34. The electrical connector as recited in claim 30 , wherein the ground mating ends are oriented substantially perpendicular with respect to the ground mounting ends, and the receptacle mating ends are oriented substantially perpendicular with respect to the mounting ends of the signal contacts.
35. The electrical connector as recited in claim 34 , wherein the differential signal pairs are configured to transfer differential signals between their mating and mounting ends at data transfer rates of 25 Gigabits/sec while producing produce no more than six percent worst-case, multi-active cross talk on a victim differential signal pair.

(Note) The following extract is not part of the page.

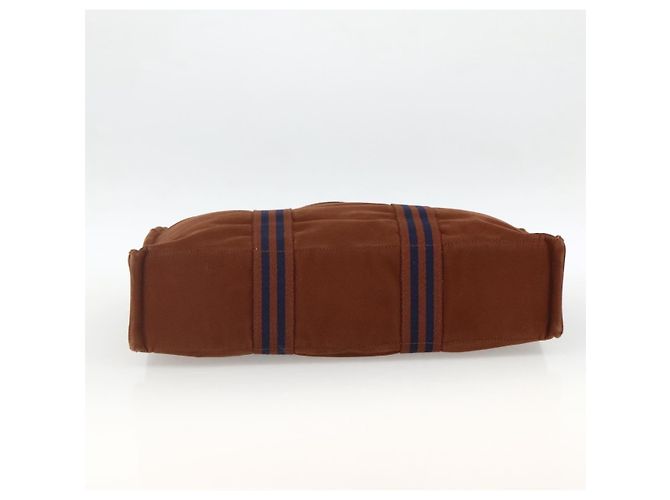 Hermès HERMES Fourre ToutMM Borsa a Mano in Tela Marrone Auth BA11462 - vista 9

36. The electrical connector as recited in claim 29 , further comprising a plurality of leadframe assemblies that each includes an electrically insulative leadframe housing, ones of the plurality of signal contacts, and one of the ground plates attached to the leadframe housing, wherein the leadframe housing is configured to be supported by the connector housing.
37. The electrical connector as recited in claim 1 , wherein some of the ribs that project from the divider wall to define pockets that receive the receptacle mating ends and the ground mating ends of the first linear array are offset along the third direction with respect to all of the ribs that project from the divider wall to define pockets that receive the receptacle mating ends and the ground mating ends of the second linear array.
38. The electrical connector as recited in claim 1 , wherein adjacent ones of the ribs that project from the divider wall to define pockets that receive the ground mating ends are spaced a apart from each other a greater distance along the third direction than adjacent ones of the ribs that project from the divider wall to define pockets that receive the receptacle mating ends.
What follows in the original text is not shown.